Enfiler un café. Avoir plus ou moins sur la conscience le sort de celui qui l’a cultivé. Partir au travail. Prendre le bus. Ignorer le chauffeur. Mettre ses écouteurs, ne parler à personne. Arriver au bureau. Passer sa journée en futiles réunions. Sur Teams.
Lunchbreak – N’avoir pas le temps de s’arrêter. Manger devant un écran. Manger sans faim. Manger sans fond. Manger sans fin.
Enfin finir son quart. Faire la ride de bus à l’envers. Descendre un arrêt plus tôt à l’épicerie. Entrer masqué. Lire la peur sur le visage des hommes. La peur de l’autre, de l’invisible. De la mort. Fuir la mort – mais elle fait pourtant partie de la vie.
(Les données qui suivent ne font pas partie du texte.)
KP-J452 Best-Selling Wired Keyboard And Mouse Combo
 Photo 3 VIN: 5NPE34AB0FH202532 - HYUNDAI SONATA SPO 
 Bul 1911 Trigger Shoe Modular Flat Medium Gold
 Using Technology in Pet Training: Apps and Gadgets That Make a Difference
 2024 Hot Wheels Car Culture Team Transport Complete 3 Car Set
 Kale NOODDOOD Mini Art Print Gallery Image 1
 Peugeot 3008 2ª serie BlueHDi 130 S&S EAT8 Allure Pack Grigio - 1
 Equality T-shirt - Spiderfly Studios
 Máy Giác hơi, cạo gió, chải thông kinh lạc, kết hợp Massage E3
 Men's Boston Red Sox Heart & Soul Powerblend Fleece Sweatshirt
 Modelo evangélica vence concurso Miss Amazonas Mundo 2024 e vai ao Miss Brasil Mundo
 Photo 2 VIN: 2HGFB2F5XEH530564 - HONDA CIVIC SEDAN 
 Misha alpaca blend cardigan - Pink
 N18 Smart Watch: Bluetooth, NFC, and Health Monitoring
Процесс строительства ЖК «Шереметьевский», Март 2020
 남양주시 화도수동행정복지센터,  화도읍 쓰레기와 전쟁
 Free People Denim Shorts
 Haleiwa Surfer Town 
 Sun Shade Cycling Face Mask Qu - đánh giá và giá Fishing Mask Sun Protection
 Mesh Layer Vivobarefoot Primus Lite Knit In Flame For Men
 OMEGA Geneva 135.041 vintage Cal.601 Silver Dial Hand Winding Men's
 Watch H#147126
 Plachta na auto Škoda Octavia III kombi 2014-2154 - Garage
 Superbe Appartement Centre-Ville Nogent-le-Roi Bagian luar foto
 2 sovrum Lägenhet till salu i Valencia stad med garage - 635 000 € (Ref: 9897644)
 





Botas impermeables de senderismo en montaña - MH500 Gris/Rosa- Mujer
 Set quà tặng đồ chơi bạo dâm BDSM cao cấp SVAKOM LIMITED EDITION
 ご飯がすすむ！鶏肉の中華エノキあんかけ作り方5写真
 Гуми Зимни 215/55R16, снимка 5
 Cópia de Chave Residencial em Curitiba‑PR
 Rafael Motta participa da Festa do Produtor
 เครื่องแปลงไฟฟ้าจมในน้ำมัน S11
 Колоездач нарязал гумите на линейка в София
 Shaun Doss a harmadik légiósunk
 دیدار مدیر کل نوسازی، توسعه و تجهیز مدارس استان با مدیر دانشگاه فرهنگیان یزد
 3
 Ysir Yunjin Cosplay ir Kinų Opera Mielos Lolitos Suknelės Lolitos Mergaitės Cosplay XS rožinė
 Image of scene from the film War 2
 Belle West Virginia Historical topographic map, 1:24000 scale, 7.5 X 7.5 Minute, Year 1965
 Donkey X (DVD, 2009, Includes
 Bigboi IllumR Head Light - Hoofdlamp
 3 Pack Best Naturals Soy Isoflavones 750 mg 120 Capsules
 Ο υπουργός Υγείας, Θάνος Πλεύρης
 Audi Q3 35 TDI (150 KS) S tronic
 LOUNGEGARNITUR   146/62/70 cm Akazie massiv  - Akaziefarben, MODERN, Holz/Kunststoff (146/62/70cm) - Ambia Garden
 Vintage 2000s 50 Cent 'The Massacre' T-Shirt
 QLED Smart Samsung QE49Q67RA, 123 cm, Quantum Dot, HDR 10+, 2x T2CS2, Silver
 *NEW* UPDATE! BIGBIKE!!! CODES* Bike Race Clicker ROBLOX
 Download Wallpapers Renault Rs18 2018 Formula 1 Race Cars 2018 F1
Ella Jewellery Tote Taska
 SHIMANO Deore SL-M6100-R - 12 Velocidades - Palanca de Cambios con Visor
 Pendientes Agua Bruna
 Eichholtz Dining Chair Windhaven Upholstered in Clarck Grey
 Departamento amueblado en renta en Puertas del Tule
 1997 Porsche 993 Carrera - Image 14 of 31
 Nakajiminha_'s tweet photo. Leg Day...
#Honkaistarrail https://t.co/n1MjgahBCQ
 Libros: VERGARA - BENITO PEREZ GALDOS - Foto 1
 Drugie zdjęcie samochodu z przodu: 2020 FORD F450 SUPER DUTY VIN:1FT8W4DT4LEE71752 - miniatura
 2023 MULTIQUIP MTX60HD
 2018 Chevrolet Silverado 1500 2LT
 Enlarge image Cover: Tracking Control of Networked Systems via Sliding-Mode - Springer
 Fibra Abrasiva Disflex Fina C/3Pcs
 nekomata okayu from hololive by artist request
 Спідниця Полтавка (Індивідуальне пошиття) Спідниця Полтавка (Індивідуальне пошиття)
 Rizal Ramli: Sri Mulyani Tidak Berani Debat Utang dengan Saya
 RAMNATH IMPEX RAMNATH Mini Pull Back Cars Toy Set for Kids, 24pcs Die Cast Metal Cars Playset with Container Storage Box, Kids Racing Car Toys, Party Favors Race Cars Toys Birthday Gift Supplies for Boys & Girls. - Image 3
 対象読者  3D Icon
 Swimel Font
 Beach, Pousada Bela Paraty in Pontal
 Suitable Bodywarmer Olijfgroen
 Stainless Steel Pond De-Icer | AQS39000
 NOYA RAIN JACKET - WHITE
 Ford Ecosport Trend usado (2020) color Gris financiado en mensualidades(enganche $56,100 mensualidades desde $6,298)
En fuyant la mort, cesser de vivre. Se désinfecter les mains, sauver des vies. Dédaigner l’autre pour un mal invisible qu’il porte peut-être. Avoir peur.
N’avoir pas le temps de cuisiner. Acheter des plats préparés. Les payer à prix fort. Payer le prix du temps perdu au travail. Manquer d’argent, mettre ça sur la carte de crédit. Devoir retourner travailler le lendemain pour rembourser. N’avoir toujours pas le temps de cuisiner.
Dans la file pour payer, se faire rentrer dedans par quelqu’un qui texte. Qui n’est pas à l’épicerie. Qui est avec d’autres gens. Qui, une fois avec eux, ne sera pas non plus avec eux.
Voir un ordinateur-caisse se libérer. Aller scanner soi-même ses tomates importées. Réaliser qu’un caissier est au chômage. Avec lui, la chaleur d’une interaction humaine. Se sentir aliéné. Se sentir sacrifié.
Rentrer chez soi. Se mettre à table, n’avoir pas faim. Avoir la nausée.
Écrire un article dans l’espoir de, peut-être, éveiller une conscience. Peut-être deux ou trois. Se dire que la conscience est l’étincelle qui attisera peut-être le feu du beau. Que les belles âmes propageront le beau. Et que l’humain est profondément beau, et que la beauté est profondément humaine, et qu’après tout, y’a de l’espoir. Se dire, finalement, qu’avec un peu de chance, « la beauté sauvera le Monde ».